If notice has been given as provided in
the Indenture and funds for redemption of any Securities (or any portion
thereof) called for redemption shall have been made available on the Redemption
Date referred to in such notice, such Securities (or any portion thereof) will
cease to bear interest on the date fixed for such redemption specified in such
notice and the only right of the Holders of such Securities will be to receive
payment of the Redemption Price.
In the event of redemption of this
Security in part only, a new Security or Securities of this Series and of like
tenor for the unredeemed portion hereof will be issued in the name of the Holder
hereof upon the cancellation hereof.
The Securities of this series will not
be subject to any sinking fund.
If an Event of Default with respect to
Securities of this series shall occur and be continuing, the principal of the
Securities of this series may be declared due and payable in the manner and with
the effect provided in the Indenture.
Interest payments with respect to this
Security will be computed and paid on the basis of a 360-day year of twelve
30-day months for the actual number of days elapsed.
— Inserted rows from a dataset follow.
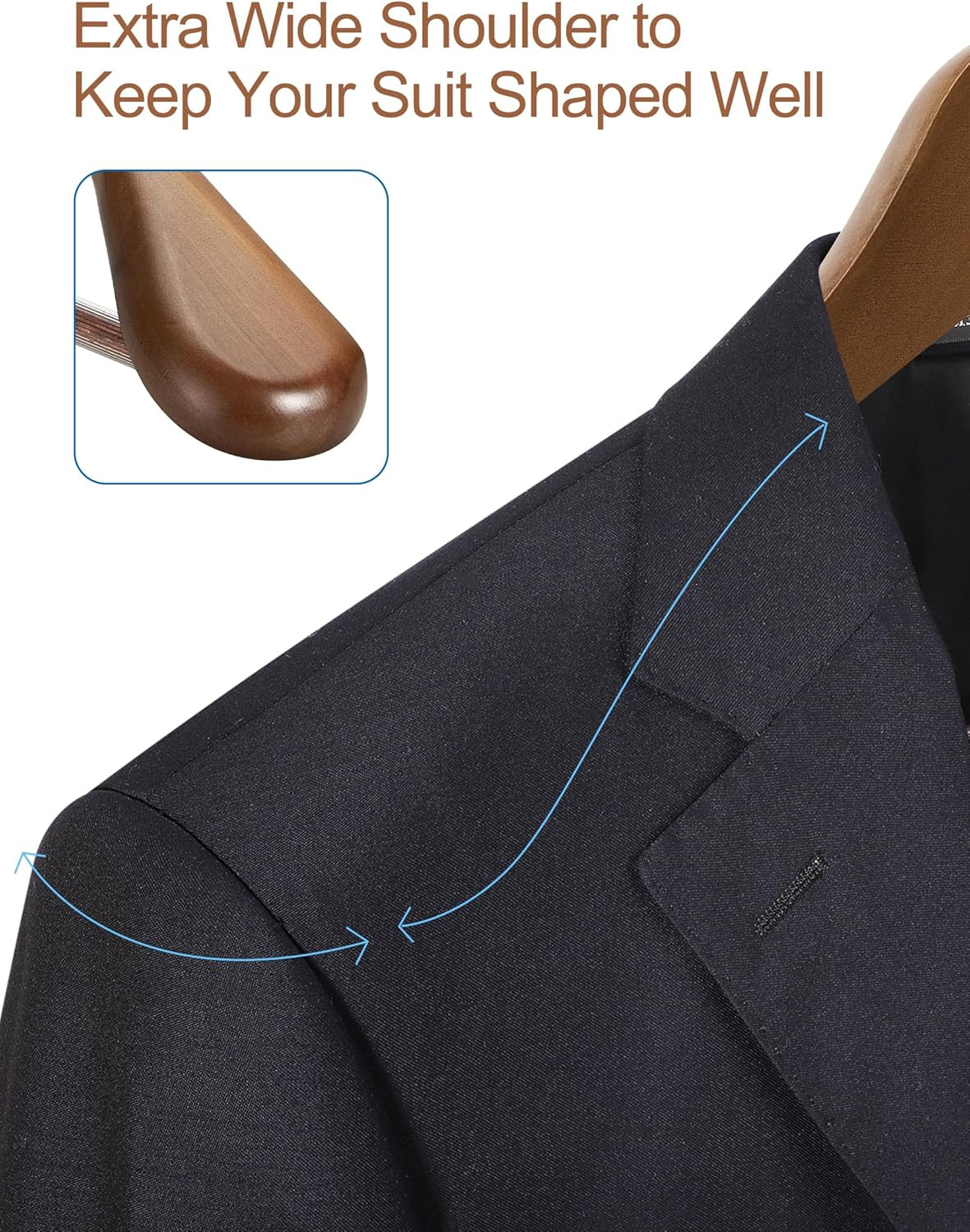 Wide Shoulder Wooden Hangers, Suit Hangers with Non Slip Pants Bar, Smooth Finis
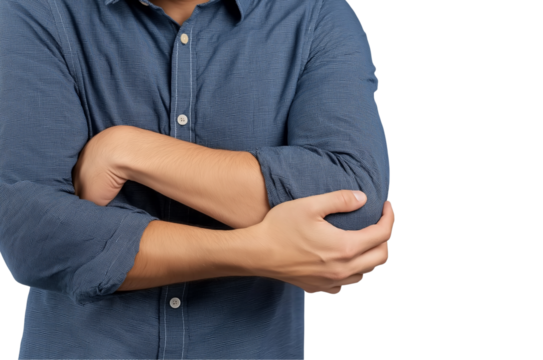 Man holding elbow in pain isolated on a transparent background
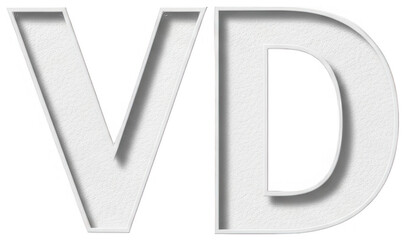 Valentine 3d letters V and D with embossed texture and subtle shadow on transparent background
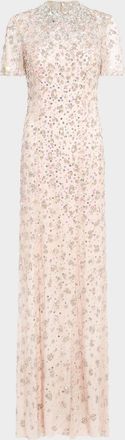 Jenny Packham Orchid Crystal Short-Sleeve Column Gown
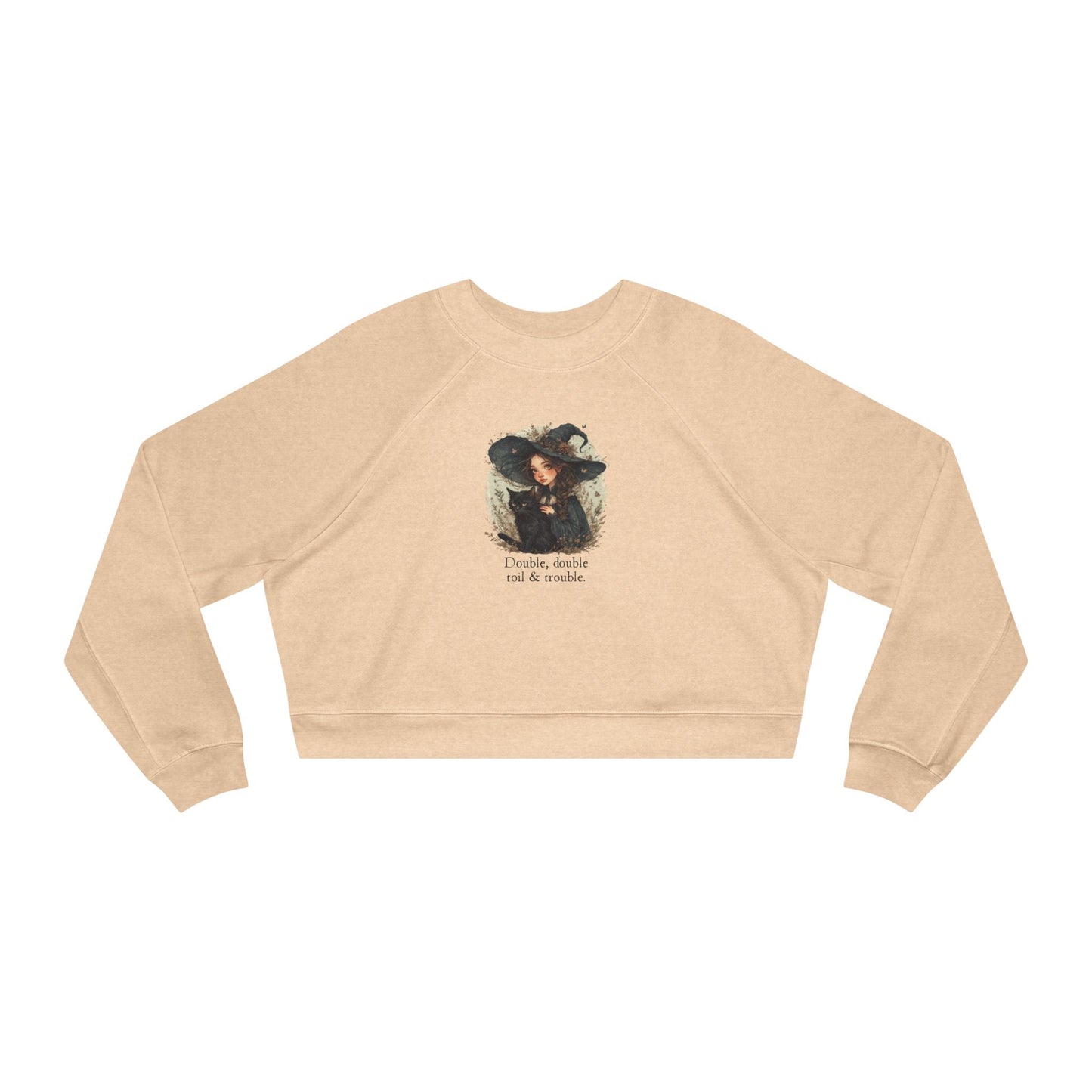 Cute Witchy Cat Lady Women's Halloween Cropped Pullover Sweatshirt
The Indenture permits, with certain
exceptions as therein provided, the amendment thereof and the modification of
the rights and obligations of the Company and the rights of the Holders of the
Securities of each series to be affected under the Indenture at any time by the
Company and the Trustee with the consent of the Holders of a majority in
principal amount of the Securities at the time Outstanding of all series to be
affected (voting as a class). The Indenture also contains provisions
permitting the Holders of specified percentages in principal amount of the
Securities of each Series at the time Outstanding, on behalf of the Holders of
all Securities of such series, to waive compliance by the Company with certain
provisions of the Indenture and certain past defaults under the Indenture and
their consequences. Any such consent or waiver by the Holder of this
Security shall be conclusive and binding upon such Holder and upon all future
Holders of this Security and of any Security issued upon the registration of
transfer hereof or in exchange herefor or in lieu hereof, whether or not
notation of such consent or waiver is made upon this Security.
No reference herein to the Indenture
and no provision of this Security or of the Indenture shall alter or impair the
obligation of the Company, which is absolute and unconditional, to pay the
principal of, premium, if any, and interest on this Security at the times, place
and rate, and in the coin or currency, herein prescribed.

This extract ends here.